Santé mentale des élèves : vous reprendrez bien un peu de protocole ?

A la rentrée 2024, tous les établissements devront présenter à leur conseil d’administration un protocole pour la santé mentale des élèves et désigner au moins deux volontaires parmi les personnels d’enseignement ou de vie scolaire pour les former au « secourisme en santé mentale ».  

Tromperie sur la marchandise 

C’est en fait, sous couvert de « secourisme », une mission de repérage, de « détection des états de fragilité et de difficulté psychologique des élèves » qui sera dévolue aux futurs secouristes. Sous la confusion du concept flou de santé mentale vont se trouver médicalisées a priori des situations extrêmement variées de difficultés psychiques liées au contexte de l’adolescence, qui ne relèvent pourtant pas toutes du pathologique. L’identification de ces situations suppose une compétence de plein droit des personnels formés et qualifiés de nos établissements, et on peut se demander s’il est inoffensif de la déléguer à des équipes formées à des  compétences de lanceurs d’alertes médicales.

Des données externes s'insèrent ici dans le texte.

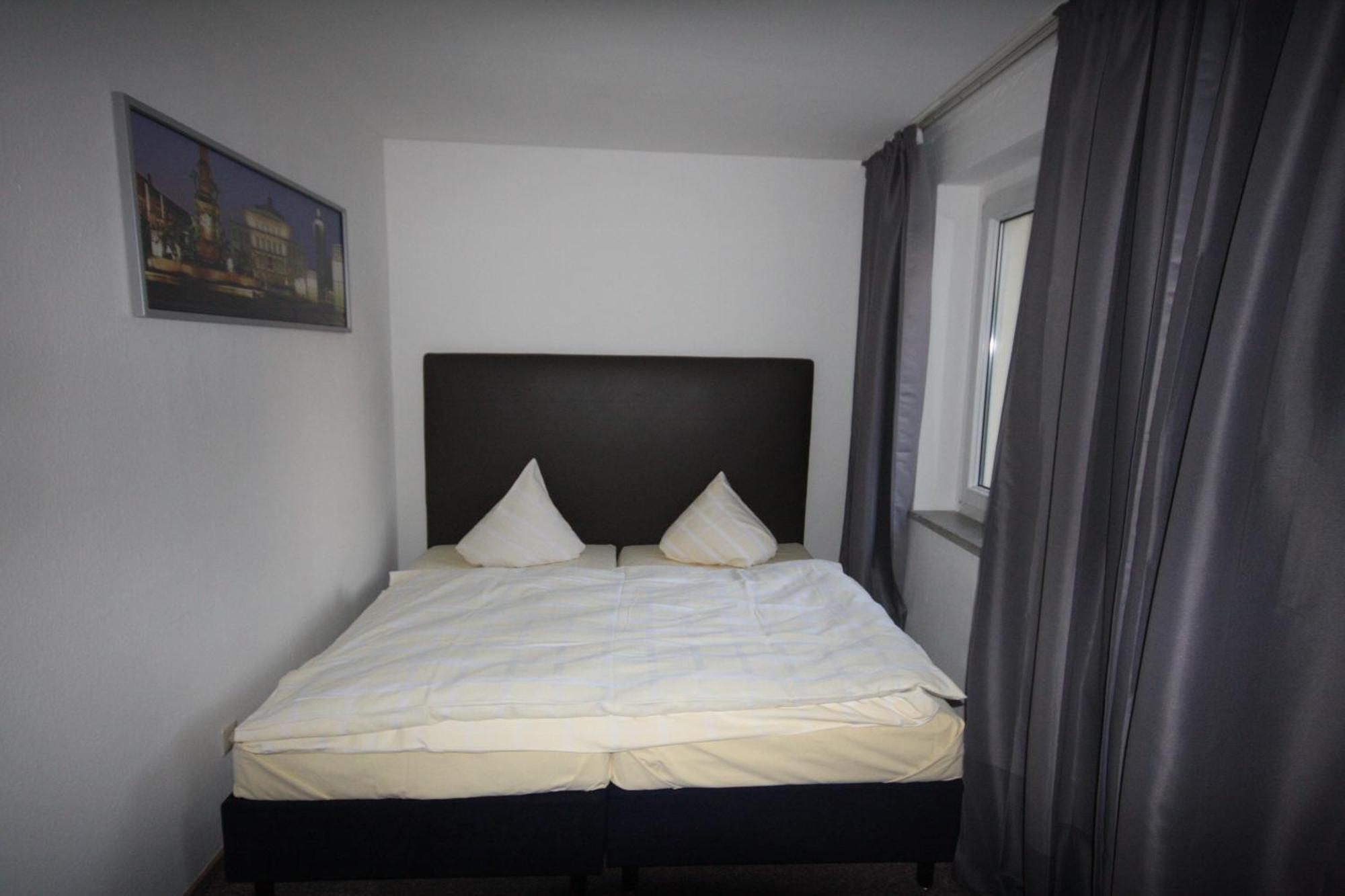 Sl'Otel Budget Bernburg Rum bild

Mais la question n’est pas tant celle du protocole de repérage ou d’évaluation mais bien celle de la prise en charge. Sans parler des temps de présence des personnels de santé dans nos établissements, la difficulté que nous rencontrons n’est pas de repérer les difficultés, mais de les adresser à ceux ou celles qui pourraient les traiter. Va-t-on se satisfaire de renvoyer les familles vers le numéro vert ? Il y a bien des chances que sous un affichage compassionnel et une générosité de façade ce protocole ne soit que la poudre aux yeux offerte aux familles.

Car le fond du problème, c’est une politique désastreuse en matière de santé scolaire. Rappelons que le nombre de médecins scolaires est tombé de 1392 titulaires en 2006 à 900 en 2020, pour des personnels qui à plus de 80% ont plus de 50 ans. La France ne disposait en 2022 que d’un médecin scolaire pour 13000 enfants. Le ministère ne prend pas même en compte cette dimension du problème, pas plus qu’il ne se soucie de la question du temps de présence des personnels infirmiers et psy-EN dans nos établissements. La meilleure garantie pour la sécurité psychique des enfants que nous accueillons ne serait-elle pas d’avoir les moyens d’un travail d’équipes des professionnels spécialisés et qualifiés auprès des établissements, et de ne pas faire peser ces missions à des personnels qui ne sont pas formés pour cela et qui ont d’autres missions ? Ce glissement des compétences, sous le couvert du discours clinquant de l’action partagée et collective, ne répond qu’à la logique grossière du cache-misère.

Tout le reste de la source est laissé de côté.